Print only the lines running from the line with "Blusa Manga Longa" to the final line below, both included, exactly as written and without the pictures.

[Opening Dataset section section]

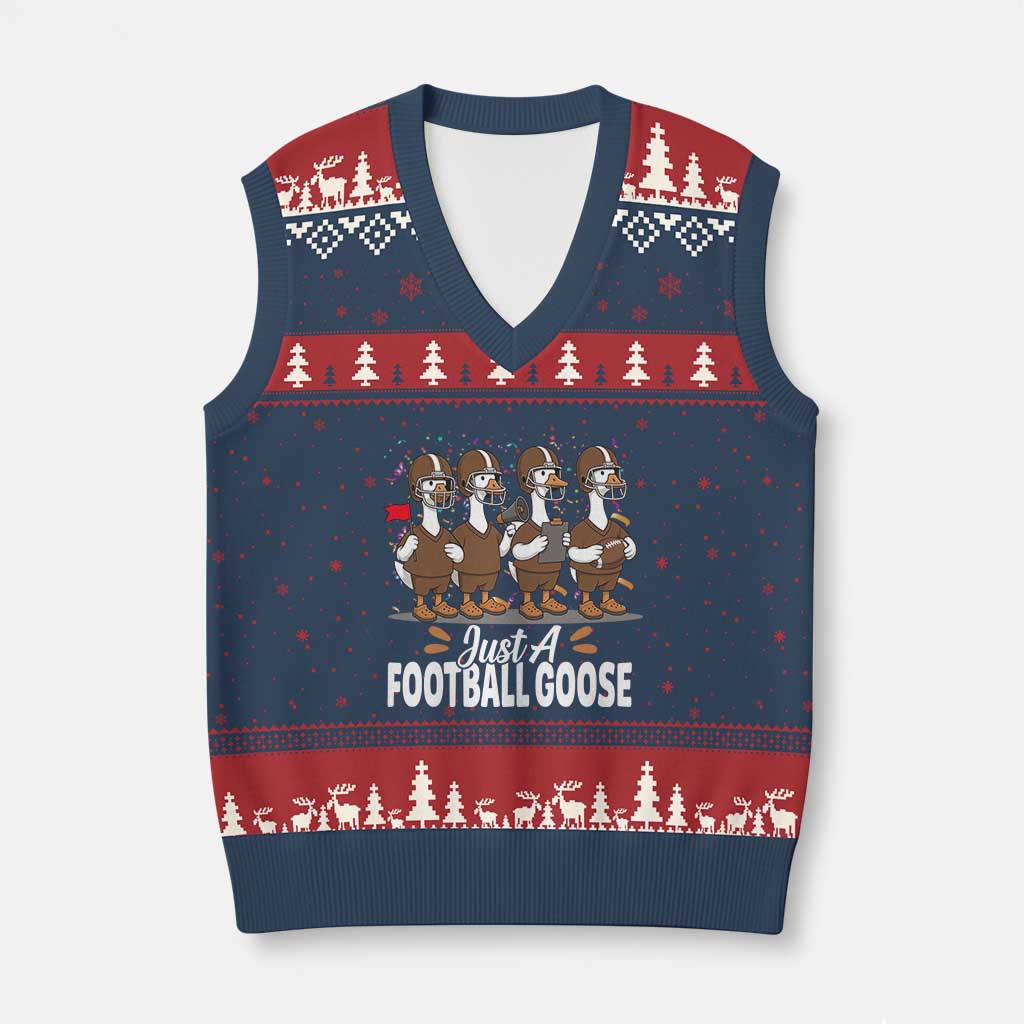 Just A Football Goose V-Neck Knit Sweater Vest Animal Sports Fan Gift - Wonder Print Shop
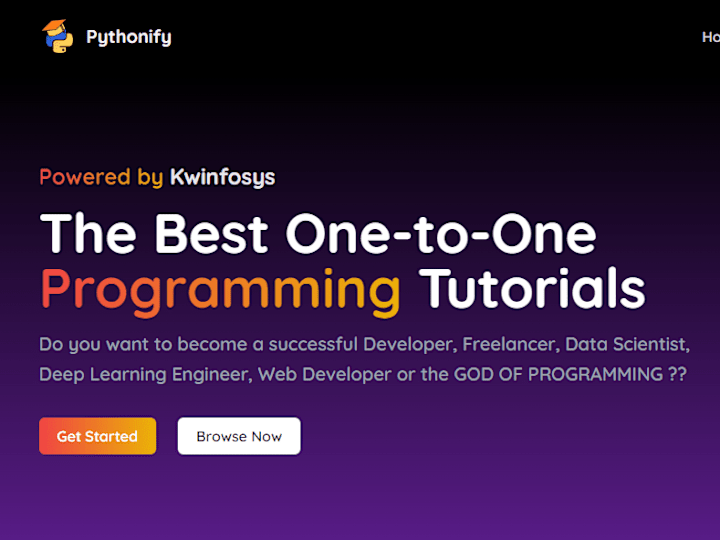 Cover image for Pythonify - The Best One-to-One Programming Tutorials Webapp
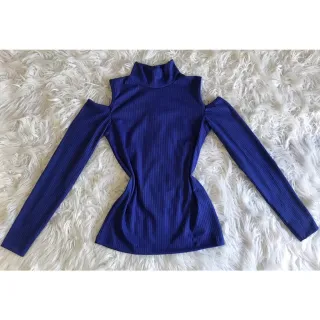 Blusa Manga Longa Feminina Básica Gola Alta Ombro Vazado De Fora - Marinho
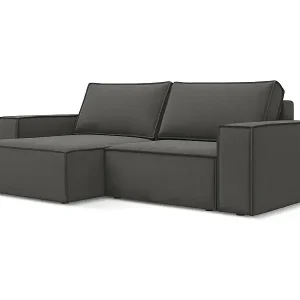 2-Sitzer Ecksofa mit Schlaffunktion - Ecke Links - Samt - Stahl - KIMO Mega-Angebot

[Closing Dataset section section]

Response to the exercise
 Blusa Manga Longa Feminina Básica Gola Alta Ombro Vazado De Fora - Marinho
 2-Sitzer Ecksofa mit Schlaffunktion - Ecke Links - Samt - Stahl - KIMO Mega-Angebot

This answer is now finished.